As indicated in "A Solid-State Energy Storage Device", published in "The Proceedings of the Power Sources Conference", No. 24, 1970, page 20, and as indicated in "A Solid-State Electrochemical Capacitor" by J. E. Oxley, published as Abstract No. 175 in a source unknown to applicant, of unknown date, the feasibility of constructing such a capacitor (hereinafter referred to as a "supercapacitor"), based on the "double layer capacitance" inherent in an electrode/solid electrolyte interface has been recognized. The first reference mentioned above describes a supercapacitor, on page 20, as one of the type under discussion charged to a voltage below 0.50 volts wherein silver is plated on silver already present in the anode during charging and a layer of electrons is formed on the surface of carbon contained in the cathode during the charging operation.
The second reference mentioned above describes the same supercapacitor cell, being charged to levels in the range from 0.50 volts to 0.65 volts. The same structure in this case is referred to as a "pseudocapacitor" wherein more of the silver is plated onto the anode, and in the cathode a monolayer of iodine ions is postulated to form on the surface of carbon contained in the cathode material. This has the result of increasing the energy storage by a factor of approximately 5 over the energy storage in the same supercapacitor structure if no iodine is being plated onto the cathode. This increase is postulated to result from the decreased dielectric separation.

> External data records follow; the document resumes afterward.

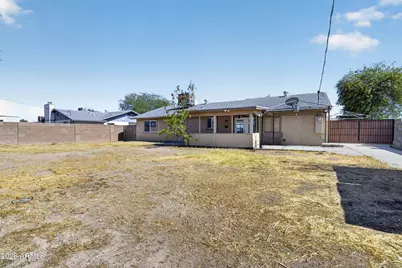 704 E Peppertree Avenue, Apache Junction, AZ 85119 - Photo 31
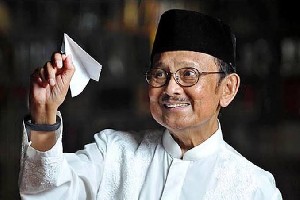 Ketua MK Terima Penyerahan Jenazah BJ Habibie Dari Keluarga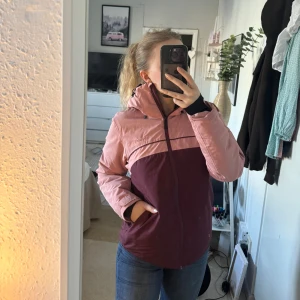 Skidjacka Everest - Jättefin skidjacka från Everest, storlek 36 Nyskick, enbart testad.  Korthållare på armen. Nypris 1299kr Passar både mindre och större storlek beroende på hur man vill att passformen ska vara😊🌸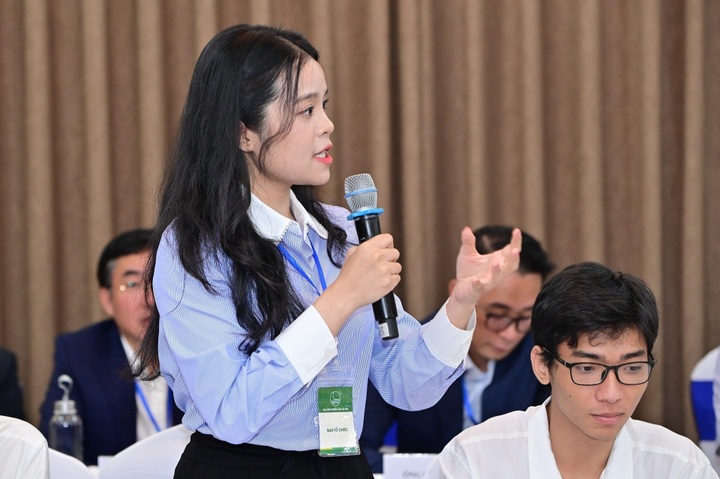 Vietnamese, Singaporean PMs meet Hanoi students - 3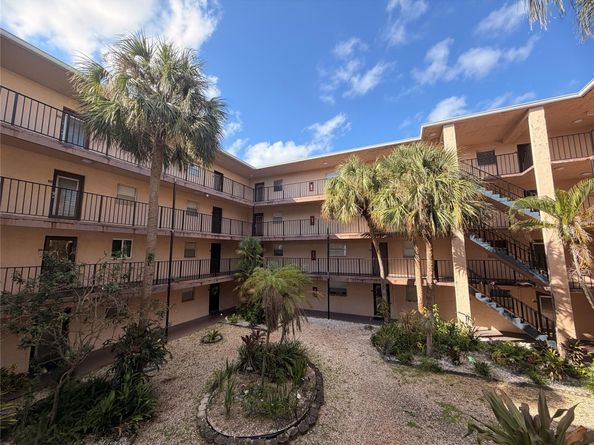 2850 Somerset Dr 208, Lauderdale Lakes FL 33311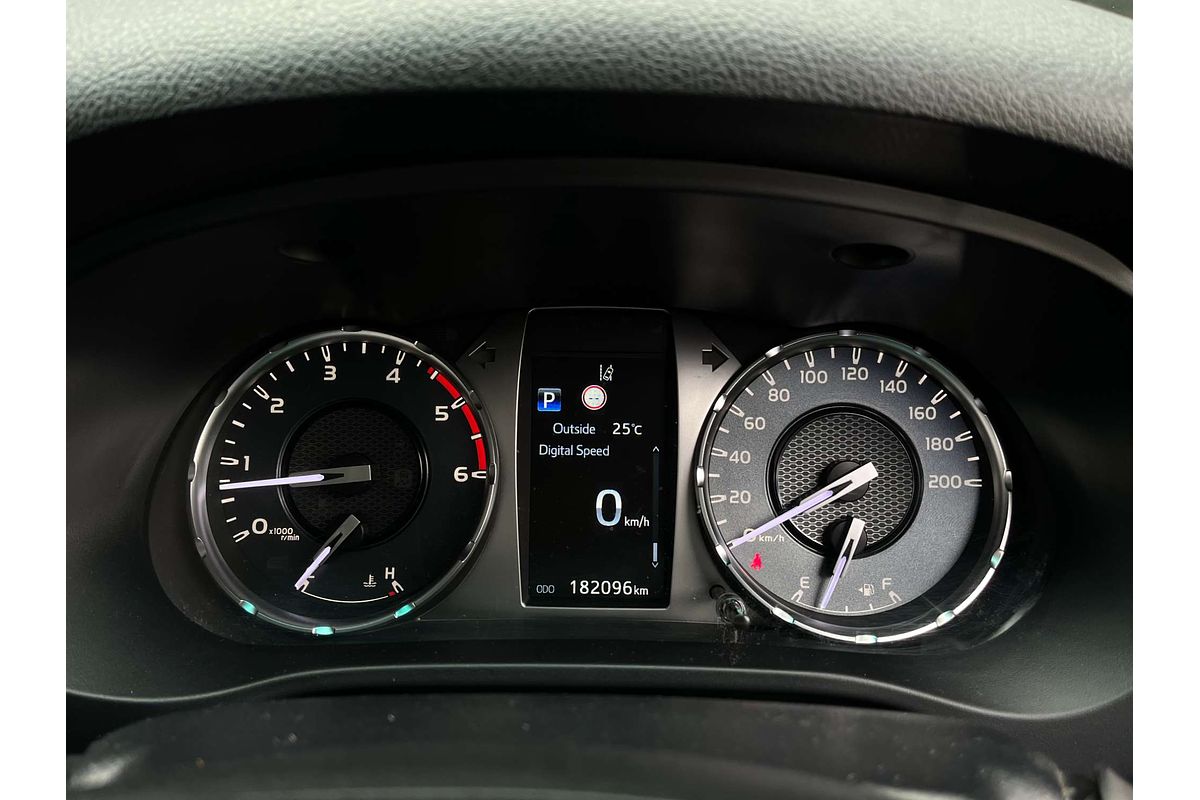 2020 Toyota Hilux SR5 GUN126R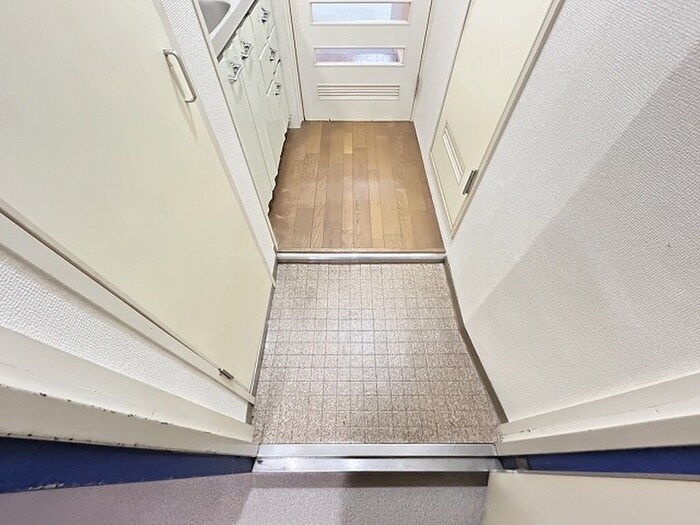 玄関 シティコアサーティ朱雀（102）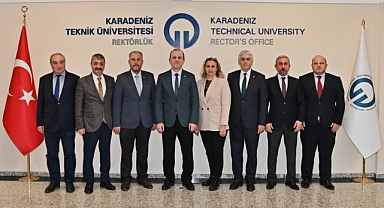 SENDİKA TEMSİLCİLERİNDEN REKTÖR ÇUVALCI'YA ZİYARET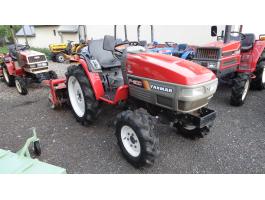 Yanmar F200 japán kistraktor talajmaróval
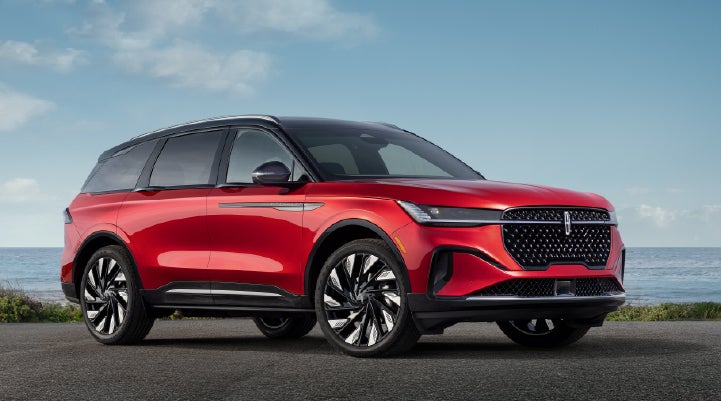 A 2026 Lincoln Nautilus® Reserve model is shown with the stylish available Jet Appearance Package. | Steet-Ponte Lincoln in Yorkville NY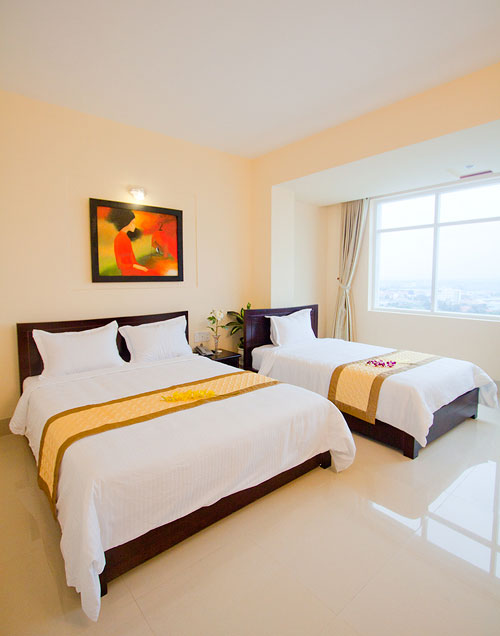 Khách Sạn Nữ Hoàng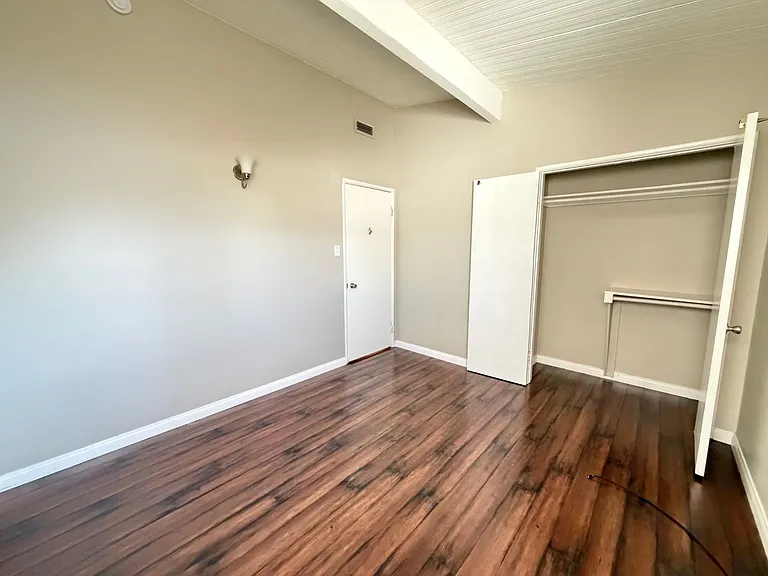 2033 E Garvey Ave N — Photo 13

The electrochemical capacitor disclosed in the above references uses the highly conducting solid electrolyte RbAg.sub.4 I.sub.5. The anode of the basic cell system is composed of silver/RbAg.sub.4 I.sub.5 /carbon. The silver in the anode behaves as an electrode with very high capacitance, because the overvoltage necessary to plate silver on silver is very low.
At potentials between 0.50 volts and 0.66 volts, the RbAg.sub.4 I.sub.5 is oxidized to form a monolayer of iodine at the carbon/electrolyte interface in the electrolyte contained in the cathode.
At applied potentials below 0.50 volts, the charge is stored as electrons on the surface of the carbon of the cathode. When a potential slightly above this range is imposed on the solid-state cell, the current decays to near zero as the required activity of iodine is established at the carbon/electrolyte surface. Thus, when a voltage in the range of 0.50 volts to 0.65 volts is applied between the cathode and anode, its charging behavior changes and this is termed the "pseudocapacitance" region of the solid-state cell's capacitance characteristic. At potentials greater than 0.66 volts, the electrolyte is decomposed. When the cell is charged into the pseudocapacitance region, the total energy stored in the solid-state cell increases to about 5 times that stored in the double layer region.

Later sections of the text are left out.